- **PROBLEM DETAILS**:
Return the data word for word. Pictures are to be omitted.

- **SOURCE DATA**:
_ _ _ _

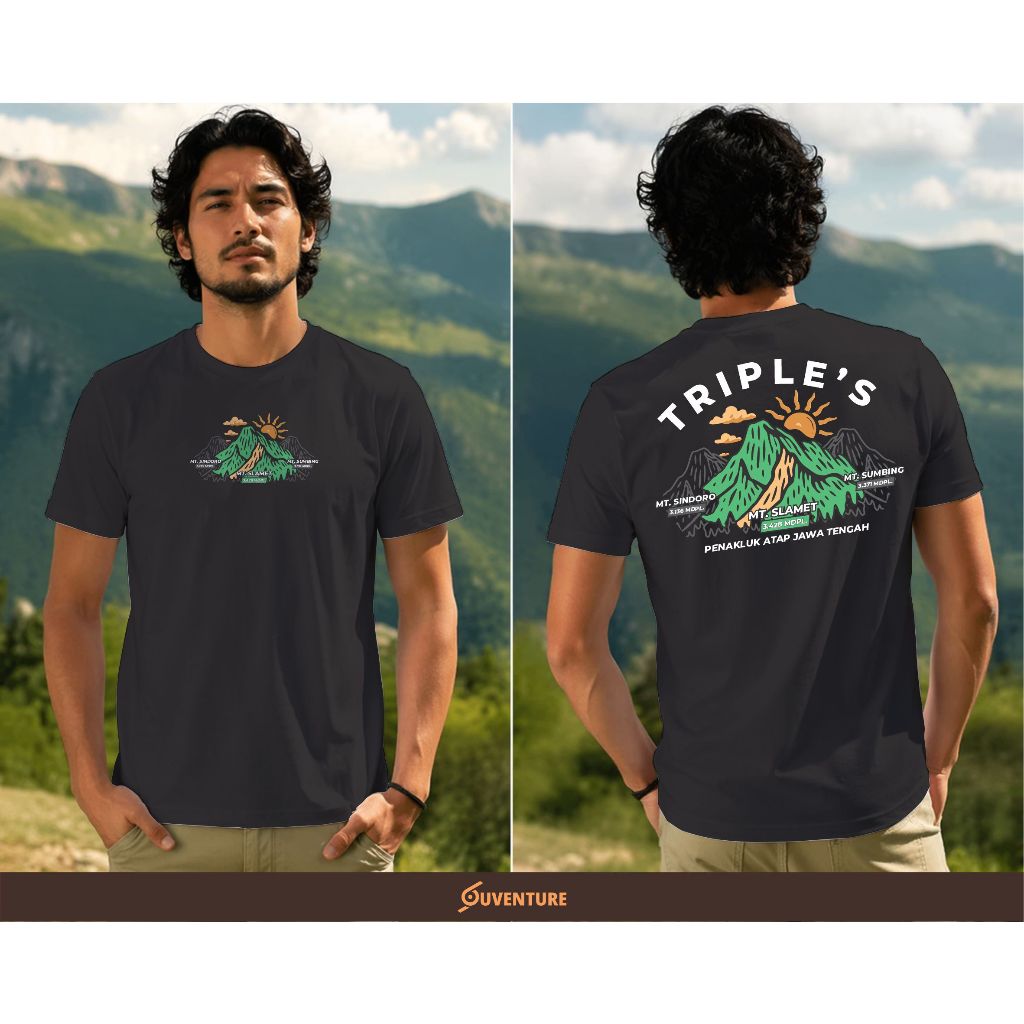 Kaos Triple S Gunung Slamet Sindoro Sumbing Pria Distro Premium | Kaos Pendaki Outdoor Cotton Combed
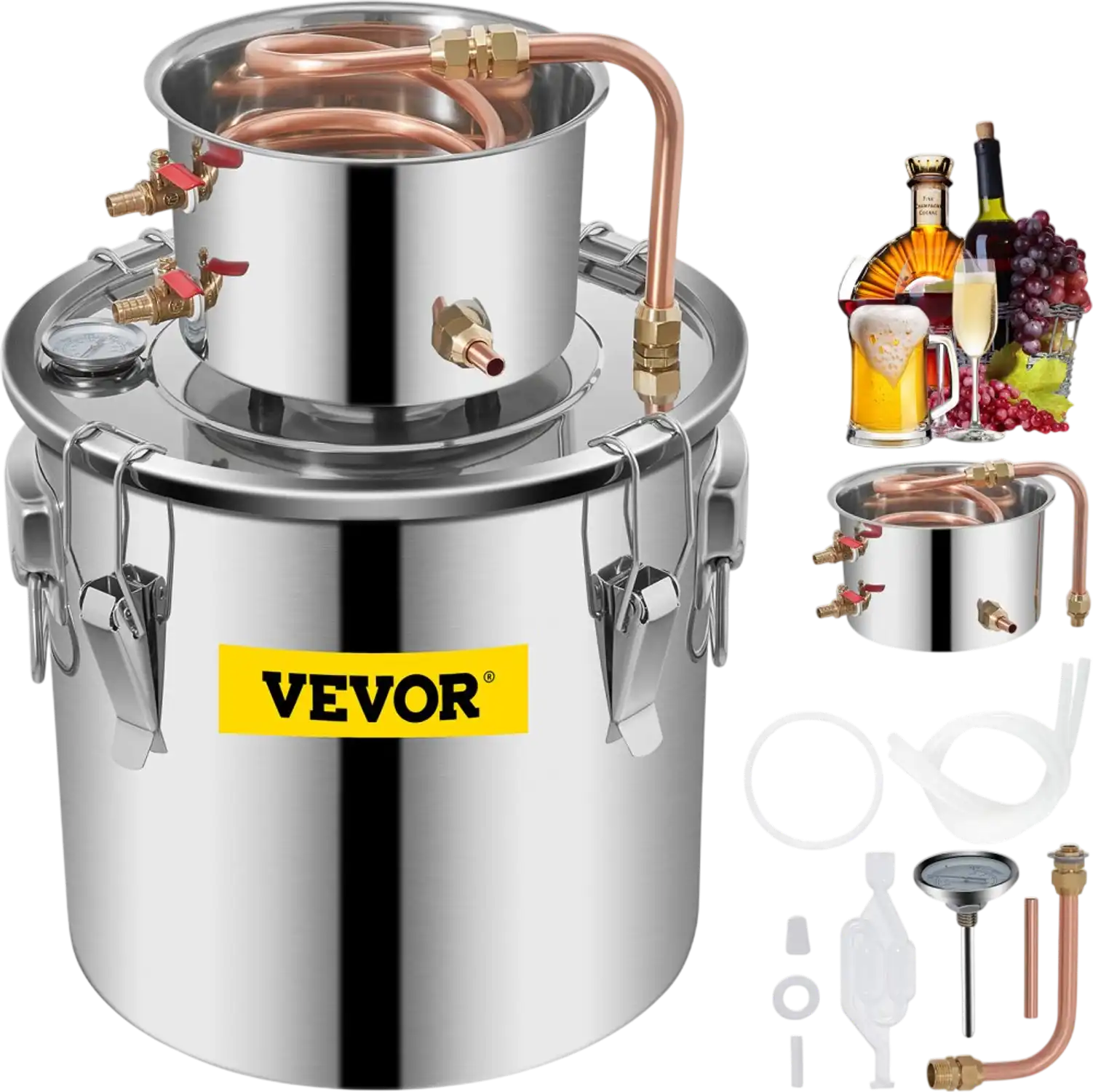 Vevor Alcohol Distiller 5 Gal Stainless Steel Moonshine Still New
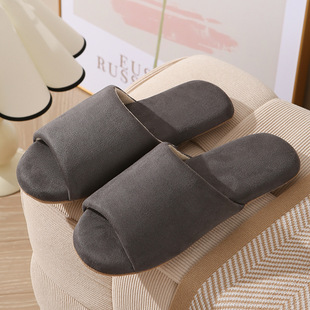 Japanese style open slippers four seasons soft bottom non-slip silent lovers floor home indoor wooden floor mute slippers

_ _ _ _

- **ANSWER SECTION**:
 Kaos Triple S Gunung Slamet Sindoro Sumbing Pria Distro Premium | Kaos Pendaki Outdoor Cotton Combed
 Vevor Alcohol Distiller 5 Gal Stainless Steel Moonshine Still New
 Japanese style open slippers four seasons soft bottom non-slip silent lovers floor home indoor wooden floor mute slippers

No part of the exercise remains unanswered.